Sunday, November 14, 2010


Let me preface this post by saying I love tiramisu! Exclamation point! It is decidedly my favorite dessert of all time. I actually judge Italian restaurants by their tiramisu. If they can't make a good tiramisu, then what are they good for?

Tiramisu is actually a fairly easy dessert to make, if you ask me. A good tiramisu should be creamy and have a distinct coffee flavor. It's basically a fancy Italian trifle.

 I've made this particular recipe for tiramisu a few times before. It has always been quite a hit with everyone. This week I made it for family dinner. We were planning to have salad, lasagna and bread, so an Italian dessert was in order. Enter: tiramisu.

Classic Tiramisu

6 egg yolks
1 1/4 cups white sugar
1 1/4 cups mascarpone cheese
1 3/4 cups heavy whipping cream
2 packages ladyfingers
1/3 cup coffee liqueur

1 tsp unsweetened coca powder, for dusting
1 square semisweet chocolate

1. Combine egg yolks and sugar in the top of a double boiler, over boiling water. Reduce heat to low and cook for about 10 minutes, stirring constantly. Remove from heat and whip yolks until thick and lemon colored.

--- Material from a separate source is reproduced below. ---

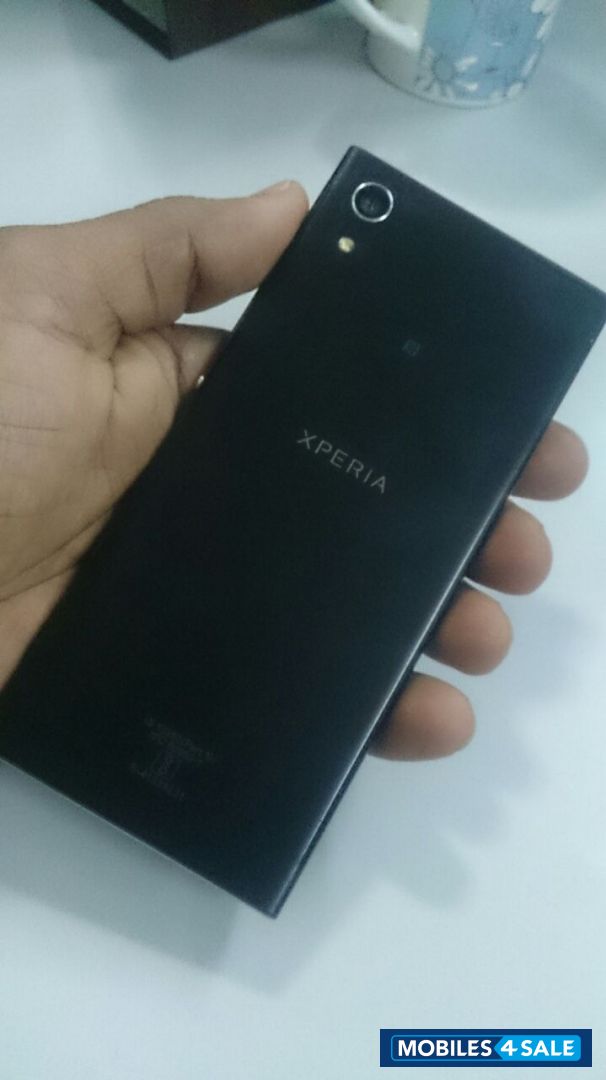 Black Sony Xperia XA1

2. Add mascarpone to whipped yolks. Beat until combined. In a separate bowl, whip cream to stiff peaks. Gently fold into yolk mixture and set aside.

3. Split the lady fingers in half and line he bottom and sides of a large glass bowl. Brush with coffee liqueur. Spoon half of the cream filling over the ladyfingers. Repeat ladyfingers, coffee liqueur and filling layers. Garnish with cocoa and chocolate curls. Refrigerate several hours or over night.

Note: The longer this sits, the better it will taste. My ladyfingers were particularly crisp, so they were not softened enough after sitting in the fridge for six hours. I may recommend more liquid for crispy ladyfingers. I used Kahlua Especial.